*The input*
----

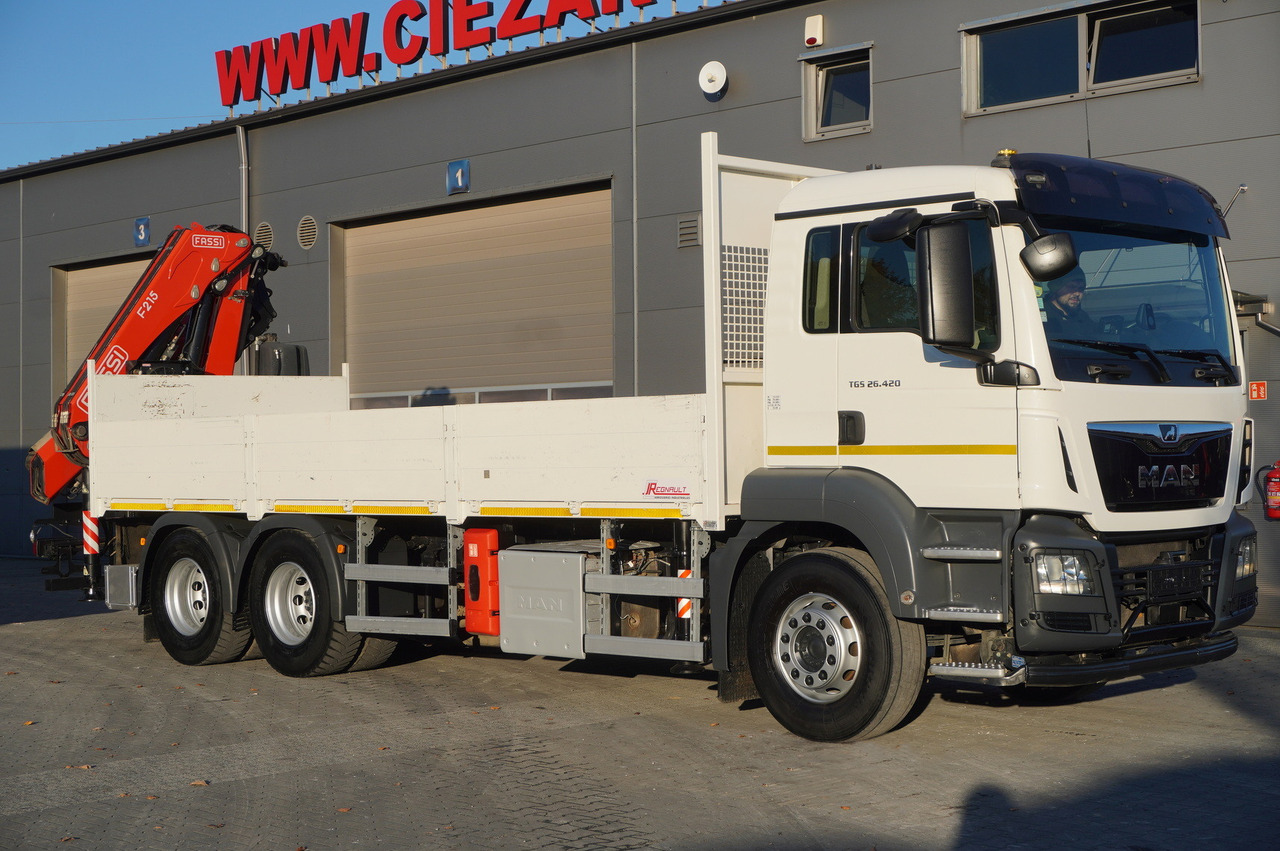 MAN TGS 26.420 E6 6x4 / Fassi F215A crane / 360 MTH! / 5.6 t capacity / 12.7 m reach / 120 tho. km! - Vrachtwagen met open laadbak, Kraanwagen: afbeelding 2 MAN TGS 26.420 E6 6x4 / Fassi F215A crane / 360 MTH! / 5.6 t capacity / 12.7 m reach / 120 tho. km! - Vrachtwagen met open laadbak, Kraanwagen: afbeelding 2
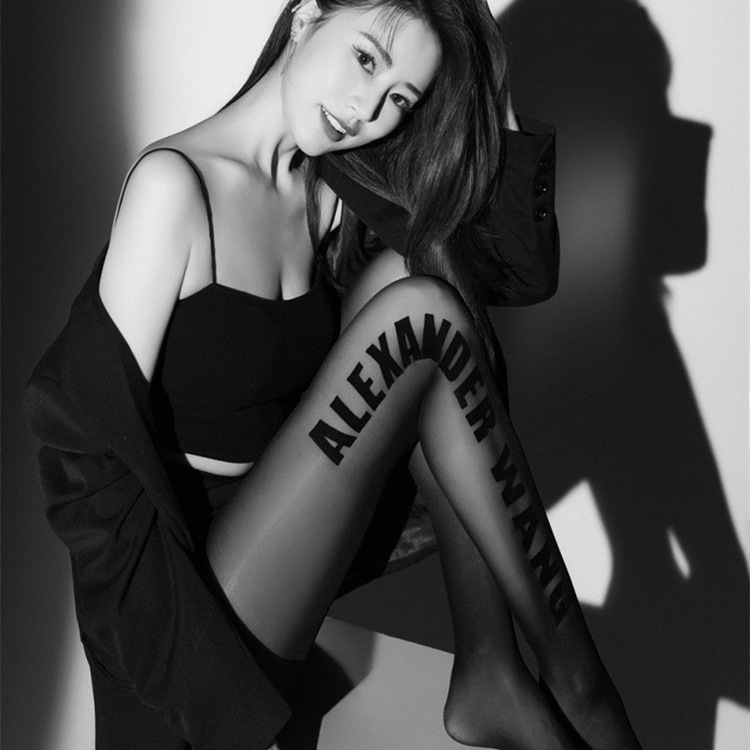 O1CN011ZJfE22JvizDzO1xG_!!2211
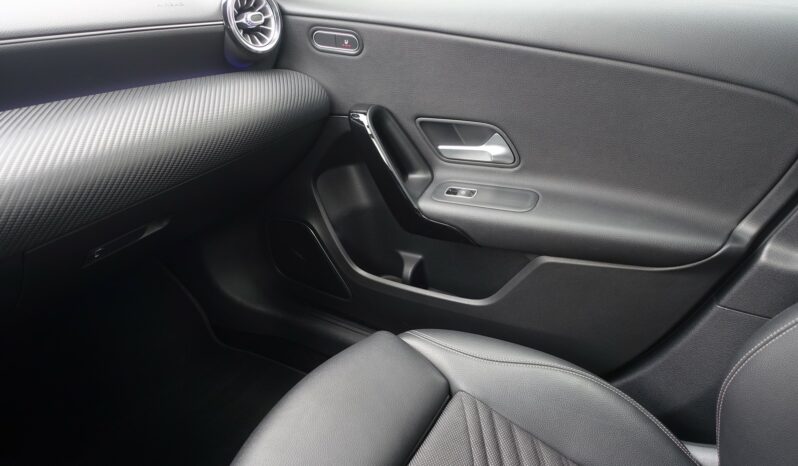 NOUVELLE MERCEDES CLASSE A 180d 7G-DCT 116 CH complet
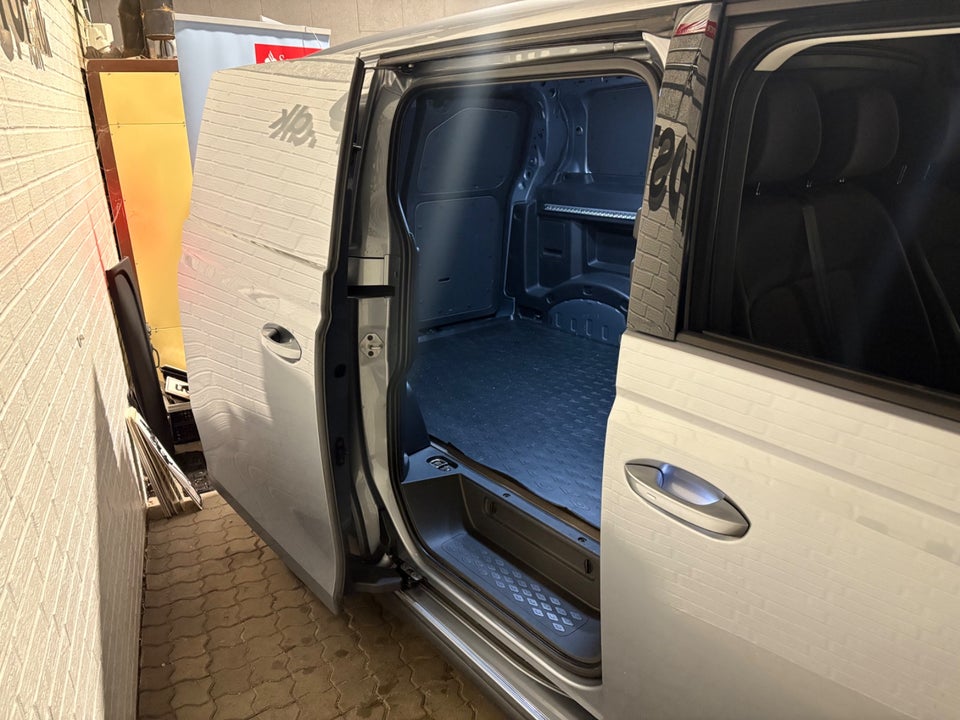 VW ID.Buzz 77 Cargo Pro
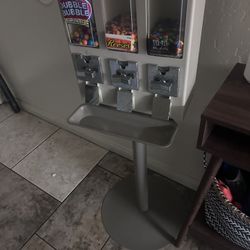 Candy Dispenser 
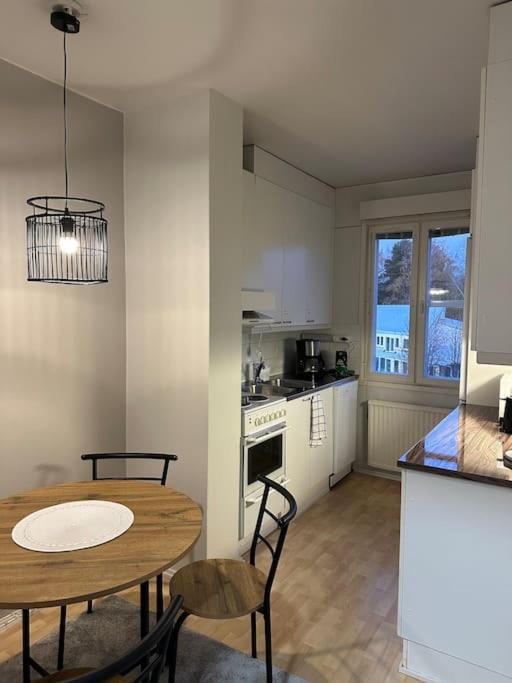 Kotimaailma apartments - Viihtyisä Neliö keskustassa
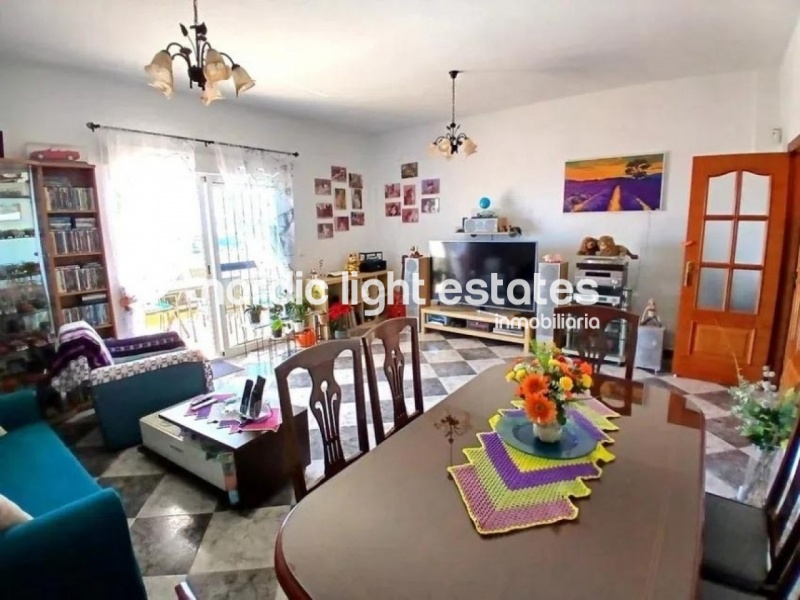 Lovely and very spacious villa with a guest apartment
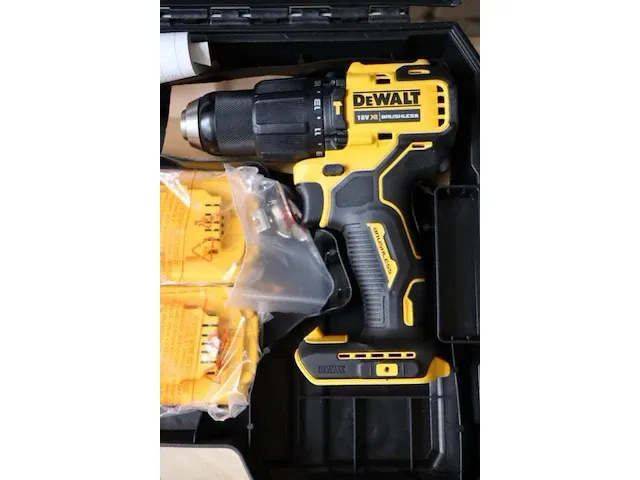 Dewalt accu-klop/schroef-boormachine type dcd7092dt - afbeelding 2 van  4
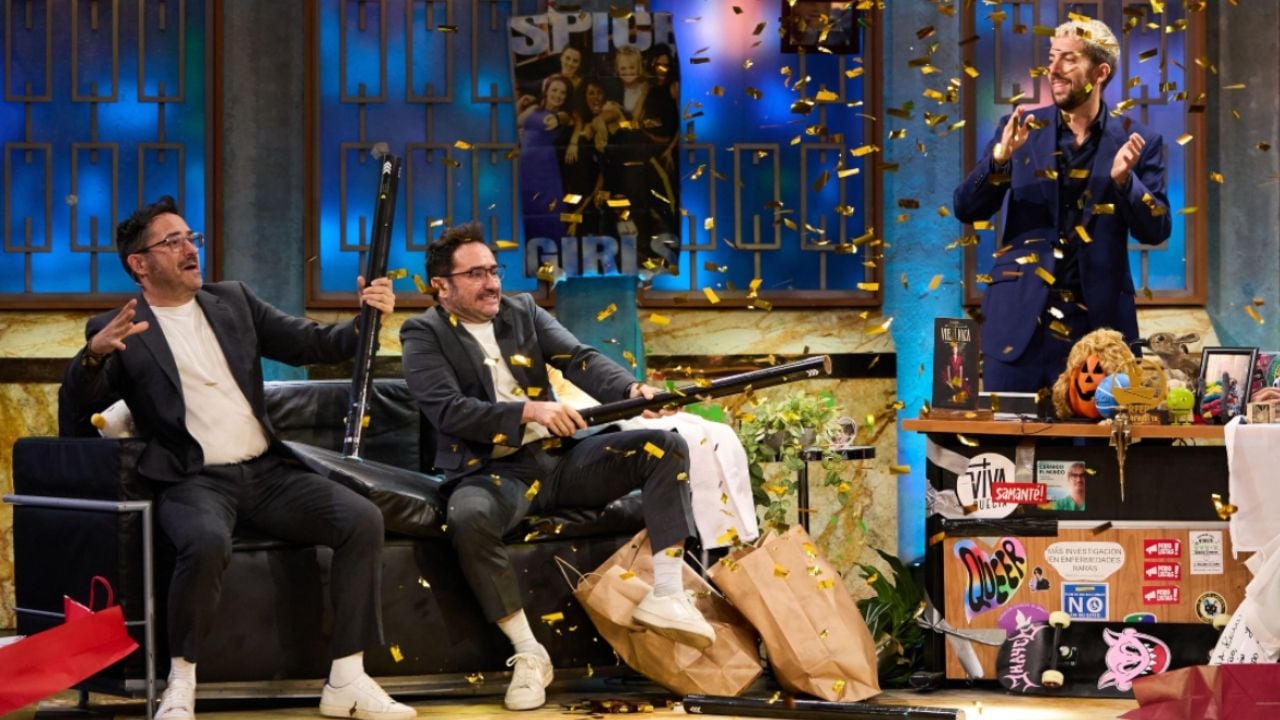 J. A. Bayona descoloca a David Broncano con una "excelente" broma en 'La Revuelta': "Muy bien ejecutada"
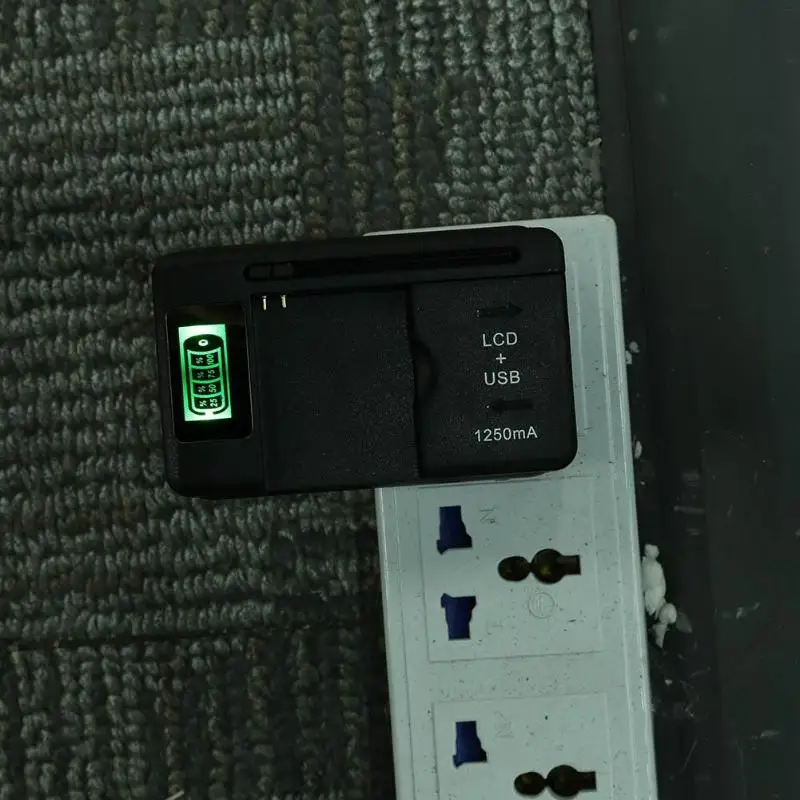 Портативный дизайн ЖК-дисплей Универсальное зарядное устройство USB-порт более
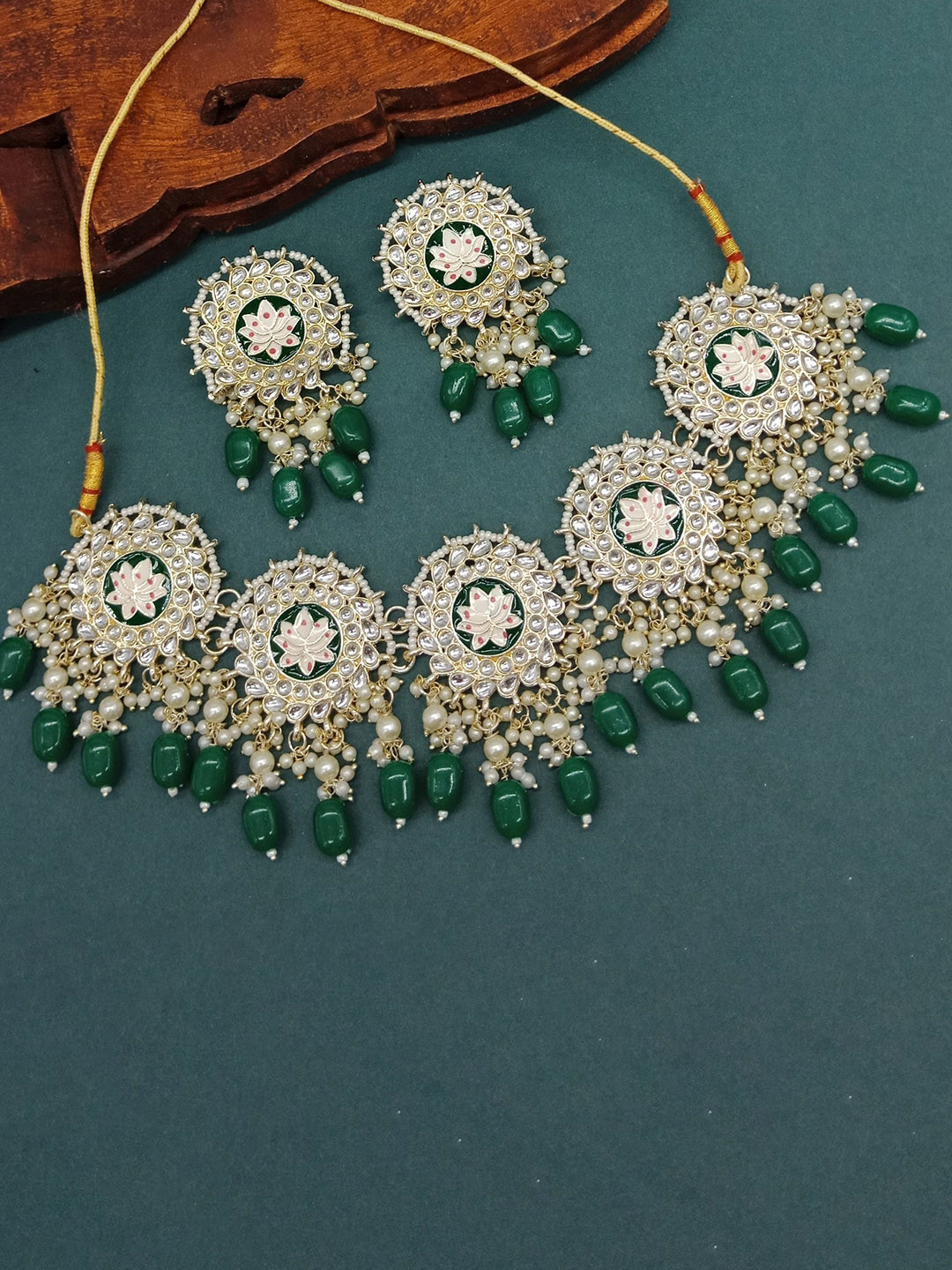 

AASHISH IMITATION Gold-Plated Stone Studded & Beaded Necklace & Earrings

----

*Your objective*
Set the records down again exactly, and omit any picture in them.

*Written response*
 MAN TGS 26.420 E6 6x4 / Fassi F215A crane / 360 MTH! / 5.6 t capacity / 12.7 m reach / 120 tho. km! - Vrachtwagen met open laadbak, Kraanwagen: afbeelding 2 MAN TGS 26.420 E6 6x4 / Fassi F215A crane / 360 MTH! / 5.6 t capacity / 12.7 m reach / 120 tho. km! - Vrachtwagen met open laadbak, Kraanwagen: afbeelding 2
 O1CN011ZJfE22JvizDzO1xG_!!2211
 NOUVELLE MERCEDES CLASSE A 180d 7G-DCT 116 CH complet
 VW ID.Buzz 77 Cargo Pro
 Candy Dispenser 
 Kotimaailma apartments - Viihtyisä Neliö keskustassa
 Lovely and very spacious villa with a guest apartment
 Dewalt accu-klop/schroef-boormachine type dcd7092dt - afbeelding 2 van  4
 J. A. Bayona descoloca a David Broncano con una "excelente" broma en 'La Revuelta': "Muy bien ejecutada"
 Портативный дизайн ЖК-дисплей Универсальное зарядное устройство USB-порт более

AASHISH IMITATION Gold-Plated Stone Studded & Beaded Necklace & Earrings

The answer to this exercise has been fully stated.